UFS was designed to work properly here.  The label was supposed to be
in the first 16 sectors of the disk, so any file system in traditional
unix that dealt with disks also had to cope with this 16 sector
offset.  However, time has marched on since 1970's and 80's when this
was a reasonable thing to do.

Moving it to sector 16 is just as magic as sector 0.  How do we know
that the boot code is going to be 8k?  why not 16k or 32k or 1024k?
There were fields added to the bsdlabel recently for this (d_bbsize)
and the area skipped to reflect this based on the boot code size for
that platform.

> Try to encrypt partition which starts at offset 16 with geli(8) or
> gbde(8).
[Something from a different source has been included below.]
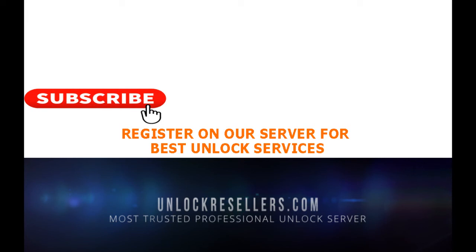Also can leave a comment below on what other unlocking software to make our next tutorials about. To get the TMB Killer credits or credits for other great unlocking tools, please make a free account on unlockresellers.com, our unlocking server for GSM professionals.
Try to concatenate or stripe two partitions that start at
> offset 16.
> The former will destroy your metadata (at least it did so, not sure if
> you won't get EPERM now). The latter will return EPERM when you try to
> access data in the middle of your concat device or at the begining of
> you stripped device.
> Many evil things can happen, belive me. Using offset 0 and making
> metadata visible from usable partition is BAD. Period.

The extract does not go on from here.